6.1. Lack of collagen type specificity for lysyl hydroxylase isoforms (I)

The mRNA expression levels of three LH isoforms (LH1, LH2, and LH3) have been studied in several different human cell lines. They were present in all human cells tested. There is a five-fold variation in the LH1 mRNA levels and a 20 to 30-fold variation in LH2 mRNA levels, whereas the variation for LH3 is only two-fold among different human cells. LH1 is the major isoform in skin fibroblasts, pancreas adenocarcinoma cells, and placenta trophoblastic tumor cells, being about 50% of the total lysyl hydroxylases. This explains the finding that the hydroxylysine content of collagens is most noticeably reduced in the skin when tissue samples are analyzed from patients with EDS VI, a disease caused by a LH1 gene defect (Hyland et al. 1992, Hautala et al. 1993, Ha et al. 1994, Heikkinen et al. 1997, Yeowell & Walker 1997, Brinckmann et al. 1998, Pajunen et al. 1998, Pousi et al. 1998, Heikkinen et al. 1999, Walker et al. 1999, Yeowell & Walker 1999b, Pousi et al. 2000, Yeowell et al. 2000a, Yeowell et al. 2000b). LH2 is the major form in fibrosarcoma, osteosarcoma, and hepatoblastoma cells, constituting about 60% of total LH in those cells. LH3 is a major form in kidney adenocarcinoma cells, about half of the LH within these cells being LH3. Todate no heritable disorders have been reported associated with a gene defect in LH2 and/or LH3.

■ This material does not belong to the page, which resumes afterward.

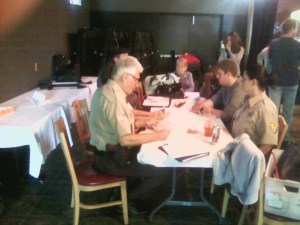 A couple officers or actors going through lines.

The hydroxylysine content varies in the triple-helical regions of different collagen types. Type III and type I collagens contain only 6-10 hydroxylysyl residues per polypeptide chain, whereas type V and type IV contain a three- to five-fold higher amount of hydroxylysine (Kivirikko et al. 1992, Kielty et al. 1993). The initial suggestion for the existence of collagen type-specific LH isoforms was based on the findings that lysines in collagen type II, IV, V were hydroxylated normally in EDS VI patients (Ihme et al. 1984), and that the residual LH activity of EDS VI cells appears to preferentially hydroxylate lysines in type IV collagen (Risteli et al. 1980). The mRNA levels of LH isoforms and the α subunit of prolyl 4-hydroxylase, another enzyme involved in collagen biosynthesis were compared with the mRNAs of the most abundant collagen types (I, III, IV, V). The data do not indicate any significant correlation between individual collagen types and LH isoforms or the α subunit of prolyl 4-hydroxylase, arguing against collagen type specificity in the enzyme reactions. The amino acid sequences surrounding the individual lysyl residues, rather than collagen type, are probably more important for determining which lysyl hydroxylase isoform catalyzes the hydroxylation reaction. Prolyl 4-hydroxylase activity has been widely used to estimate the rate of total collagen synthesis in many experimental models and in patients with various diseases (Kivirikko et al. 1992, Kielty et al. 1993, Prockop & Kivirikko 1995). The mRNA levels of LH1, LH2, and the α subunit of prolyl 4-hydroxylase are significantly correlated with each other in various human cell lines, suggesting that LH1 and LH2, together with prolyl 4-hydroxylase are coregulated with total collagen synthesis. It is remarkable that the mRNA levels of LH3 do not correlate with those of LH1, LH2, and the α subunit of prolyl 4-hydroxylase, implying a difference in their substrates and in the regulation of their gene expression. According to the phylogenetic analysis, LH3 is the oldest form and the others result from more recent duplication events (Ruotsalainen et al. 1999). It is highly possible that LH3 acts on other types of sequences in vivo in addition to collagenous sequences.